The one detail from that article that sticks most clearly in my mind was the story of the family who has one income of $30,000 now. In happier times, they had two incomes totalling about $60,000. And they bought a house which went up in value so they refinanced and took all of the new equity out of the house. The article didn't specify what they did with all of it but did mention that among their belongings in storage was an $8,000 4 piece mahogany and marble bedroom set that they had purchased just after taking the loan.

I make considerably more by myself than this family does as a whole at the best of times. And I don't have a family to support. And I live with someone who by herself makes considerably more than this whole family at the best of times. And we wouldn't dream of spending $8,000 on a bedroom set. Or, for that matter, anything else. If you're raising a family with 4 kids on $60K of dual income, it might be better to stick to Ikea than treating yourself to extravagant bedroom sets with money taken out of your home.

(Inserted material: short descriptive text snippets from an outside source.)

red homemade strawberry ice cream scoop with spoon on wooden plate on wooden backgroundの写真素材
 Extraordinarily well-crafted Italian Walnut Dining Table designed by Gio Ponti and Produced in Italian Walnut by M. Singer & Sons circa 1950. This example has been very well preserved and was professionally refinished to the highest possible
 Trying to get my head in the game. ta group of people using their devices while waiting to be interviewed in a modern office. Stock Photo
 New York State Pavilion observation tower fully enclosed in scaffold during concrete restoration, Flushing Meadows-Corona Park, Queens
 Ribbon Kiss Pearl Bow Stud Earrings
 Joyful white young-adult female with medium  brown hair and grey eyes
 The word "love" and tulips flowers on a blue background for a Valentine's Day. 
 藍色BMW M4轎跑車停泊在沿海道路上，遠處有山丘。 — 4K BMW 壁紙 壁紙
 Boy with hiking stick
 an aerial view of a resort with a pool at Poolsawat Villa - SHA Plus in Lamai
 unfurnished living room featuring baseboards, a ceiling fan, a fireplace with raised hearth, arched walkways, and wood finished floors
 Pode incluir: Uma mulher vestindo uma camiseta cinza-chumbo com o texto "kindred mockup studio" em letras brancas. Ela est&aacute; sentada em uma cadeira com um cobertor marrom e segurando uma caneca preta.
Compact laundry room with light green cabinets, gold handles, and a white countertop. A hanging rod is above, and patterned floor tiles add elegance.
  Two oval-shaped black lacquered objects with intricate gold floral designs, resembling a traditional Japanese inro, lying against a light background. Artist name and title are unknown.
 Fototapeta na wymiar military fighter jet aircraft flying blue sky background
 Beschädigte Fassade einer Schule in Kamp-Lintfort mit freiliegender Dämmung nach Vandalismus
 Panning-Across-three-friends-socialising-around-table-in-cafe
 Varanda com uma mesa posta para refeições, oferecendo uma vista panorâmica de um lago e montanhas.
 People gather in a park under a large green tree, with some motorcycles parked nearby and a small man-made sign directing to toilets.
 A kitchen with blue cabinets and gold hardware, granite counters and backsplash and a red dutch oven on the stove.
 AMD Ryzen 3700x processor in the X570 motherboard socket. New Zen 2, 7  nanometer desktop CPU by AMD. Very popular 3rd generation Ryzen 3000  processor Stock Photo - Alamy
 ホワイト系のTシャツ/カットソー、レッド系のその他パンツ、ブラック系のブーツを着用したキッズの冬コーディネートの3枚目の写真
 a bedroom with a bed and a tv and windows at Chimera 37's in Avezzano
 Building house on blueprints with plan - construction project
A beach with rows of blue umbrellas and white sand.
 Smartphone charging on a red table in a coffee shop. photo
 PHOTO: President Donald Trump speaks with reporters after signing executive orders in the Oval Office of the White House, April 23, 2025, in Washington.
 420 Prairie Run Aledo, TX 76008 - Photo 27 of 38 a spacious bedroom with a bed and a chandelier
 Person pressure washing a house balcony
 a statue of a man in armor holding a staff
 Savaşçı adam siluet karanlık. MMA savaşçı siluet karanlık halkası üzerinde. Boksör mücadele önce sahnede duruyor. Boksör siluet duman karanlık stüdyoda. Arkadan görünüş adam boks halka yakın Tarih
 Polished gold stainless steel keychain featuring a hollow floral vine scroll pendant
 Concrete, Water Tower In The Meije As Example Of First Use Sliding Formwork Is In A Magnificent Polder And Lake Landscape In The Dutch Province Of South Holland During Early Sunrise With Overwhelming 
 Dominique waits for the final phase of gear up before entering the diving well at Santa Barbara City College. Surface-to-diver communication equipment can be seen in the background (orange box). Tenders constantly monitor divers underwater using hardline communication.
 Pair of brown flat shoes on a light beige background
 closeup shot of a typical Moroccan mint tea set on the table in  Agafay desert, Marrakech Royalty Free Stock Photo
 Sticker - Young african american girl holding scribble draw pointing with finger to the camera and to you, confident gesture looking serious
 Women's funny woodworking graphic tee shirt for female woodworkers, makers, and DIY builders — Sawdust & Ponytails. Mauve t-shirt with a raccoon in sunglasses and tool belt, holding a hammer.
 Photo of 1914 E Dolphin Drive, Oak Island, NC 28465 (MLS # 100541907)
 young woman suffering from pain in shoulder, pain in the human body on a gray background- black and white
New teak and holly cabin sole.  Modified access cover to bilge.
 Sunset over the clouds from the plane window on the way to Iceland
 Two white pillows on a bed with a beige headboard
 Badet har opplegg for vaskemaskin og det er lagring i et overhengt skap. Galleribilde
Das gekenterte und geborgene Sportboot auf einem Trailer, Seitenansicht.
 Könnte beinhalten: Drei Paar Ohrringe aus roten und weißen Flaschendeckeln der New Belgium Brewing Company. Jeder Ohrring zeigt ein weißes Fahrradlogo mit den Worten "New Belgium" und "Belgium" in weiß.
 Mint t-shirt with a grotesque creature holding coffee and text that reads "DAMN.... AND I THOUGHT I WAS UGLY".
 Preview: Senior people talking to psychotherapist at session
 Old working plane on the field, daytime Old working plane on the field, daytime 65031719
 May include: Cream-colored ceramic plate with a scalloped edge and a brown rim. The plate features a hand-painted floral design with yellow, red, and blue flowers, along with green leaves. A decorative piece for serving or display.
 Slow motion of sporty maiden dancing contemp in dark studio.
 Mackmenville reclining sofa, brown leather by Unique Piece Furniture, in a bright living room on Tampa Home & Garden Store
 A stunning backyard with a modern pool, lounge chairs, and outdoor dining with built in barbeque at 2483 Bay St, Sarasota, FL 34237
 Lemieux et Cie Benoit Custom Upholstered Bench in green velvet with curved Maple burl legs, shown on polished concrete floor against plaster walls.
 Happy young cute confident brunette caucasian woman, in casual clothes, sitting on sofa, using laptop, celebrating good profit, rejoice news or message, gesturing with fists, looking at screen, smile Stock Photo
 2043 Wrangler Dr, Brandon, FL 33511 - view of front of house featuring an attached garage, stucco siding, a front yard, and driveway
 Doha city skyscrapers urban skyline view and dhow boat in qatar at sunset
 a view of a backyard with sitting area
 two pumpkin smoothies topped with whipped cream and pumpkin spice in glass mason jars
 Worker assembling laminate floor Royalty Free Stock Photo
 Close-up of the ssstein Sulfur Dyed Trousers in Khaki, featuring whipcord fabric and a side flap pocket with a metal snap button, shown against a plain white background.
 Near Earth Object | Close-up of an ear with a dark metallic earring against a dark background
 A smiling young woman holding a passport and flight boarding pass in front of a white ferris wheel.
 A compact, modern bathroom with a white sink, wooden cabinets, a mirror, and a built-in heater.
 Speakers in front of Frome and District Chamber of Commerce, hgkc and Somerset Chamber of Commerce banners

Now, of course, it's their life, if they want to throw away their security on home furnishings, that's their prerogative. But it does somewhat diminish the power of their story as a "tragedy". If you're hit by a bus while carefully crossing the street, that's a tragedy. If you're hit by a bus because you decided to practice your break-dancing on the median of a busy street while blind-folded that's less of a tragedy.

Now, of course, in a society as rich as ours we should have a safety net to prevent the worst of human suffering, even if self-caused. But we do need to be aware that not all human-suffering is inflicted by random chance and to the extent that you alleviate suffering caused by bad-decision making you are inviting more bad decision making.

This is what's known as "moral hazard" in insurance: the danger that if you remove the cost of recklessness you will get more recklessness. It's why there are things like deductibles and co-insurance, to make sure that just because you've got insurance on your car doesn't mean you feel no need to avoid running into things because it's all free to you.

Relatedly, it's also one of the best arguments against all the bailouts we've seen in the financial world this past year. Which is not to say that there weren't compelling arguments for them as well but it is why the government has been trying to work a little pain into the agreements along with all the cash.